Later on, when an Ewok was tackling a stormtrooper, she pretended the stormtrooper was saying, "Ah! Get those super-duper cute bears away from me!"

And while I'm bitching about Endor, let's talk about the Tarzan yell. What the fuck was that about? I do have to respect Lucas, who must have been getting crap from fans like me for years and instead of giving the fans what they want, instead doubles down and gives us TWO Tarzan-warbling wookiees in the prequels.

I like Nien Nunb. He's Lando's goofy little alien sidekick. Admiral Ackbar ("It's a trap!") sounds more like Grover than Yoda ever did in the radio play, but the designs for both of them were top notch in the movie. (Speaking of Nien Nunb, I always think of this account of one of our Star Wars games when someone mentions Sullustans. "Well, the rebel base was compromised, so I went to a club and got lots of lap dances, while the Wookies hung out at the bar and killed Sullustans." The ideas our group came up with make Luke's plan for rescuing Han look like the heist from Ocean's 11.) Jen asked "Who's that?" when she saw him, and then cried a little when I said, "Do you you mean his species or his name?"

Speaking of Admiral Ackbar, Lily and I came up with a joke. (Though we came up with this independently, I can't imagine we're the first or only ones to make this particular joke.)

Knock Knock.

Who's there?

Admiral Ackbar.

Admiral Ack-

It's a trap!

Jedi's kind of crappy in a lot of ways, but the assault on the Death Star is really spectacular and off the top of my head, I can't think of a better space battle before or since. The music that accompanies it is my very favorite piece of work in a series distinguished by its excellent music. Wikipedia has a really good 
article on the subject. And there's Wedge as Red Leader! Hi, Wedge!

I kind of recall Lucas saying that arc of the movies was always about the fall and redemption of Anakin Skywalker. Sure, George, and they were always brother and sister. That said, I do think that is the element that works best in this movie. I like the scene where Luke and Vader are riding the elevator (In the special editions, the Girl from Ipanema is playing) up to Palpatine's throne room. 

Mark Hamill is certainly not the best actor in the series, but he has matured over the course of the trilogy, and he sells Luke's quiet conviction that his father can be redeemed. I didn't appreciate it as a kid, but he's on the Death Star as distraction, and he's there to redeem his father. He has no reason to believe either of them are going to live through this.

Radio Play: Palpatine was hamming it up. He was like Raul Julia in Street Fighter. It made Ian McDiarmid's performance in the movie look positively restrained.
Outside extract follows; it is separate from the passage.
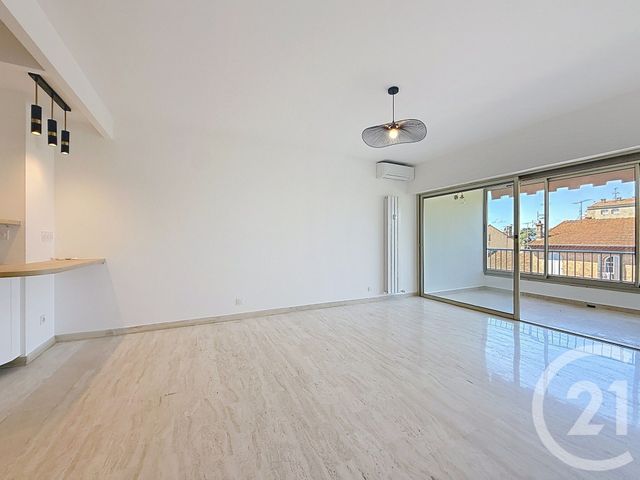 Appartement F3 à louer - 3 pièces - 57.62 m2 - CANNES - 06 - PROVENCE-ALPES-COTE-D-AZUR - Century 21 Adhère Transactions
I could imagine him in the studio, milking the giant cow when he was delivering lines like "So the Jedi SUMMONS his lightsaber and it FLIES to his hand!" I thought he was going to break into song.

The prequels were an even greater missed opportunity than Jedi itself, but there is one element that adds to the appreciation of original trilogy. When Luke is being electrocuted by the Emperor, it parallels the scene when Anakin had to choose between helping Palpatine or helping Mace. He made the wrong choice then and it damned him. He makes the right one now and it redeems him.

Vader is played by Sebastian Shaw, but his power to absorb kinetic energy does him no good here.

Uh oh. I got your X-Men in my Star Wars. Wow, this is getting geeky even by my standards. Time to wrap it up.

I asked Jen what she thought and she said "Luke seems less whiny." It's an okay movie with a couple brilliant parts, but resent it for not delivering on the promises of Empire. Was it good? Sure. It was good. Was it great? No. And I was looking for a clever way to end this post and I couldn't think of one, but that's the perfect metaphor for Jedi. Sure, it ends the series and wraps up most of the loose ends. But it doesn't do so in an interesting or meaningful way. "First it started to fall over, then it fell over."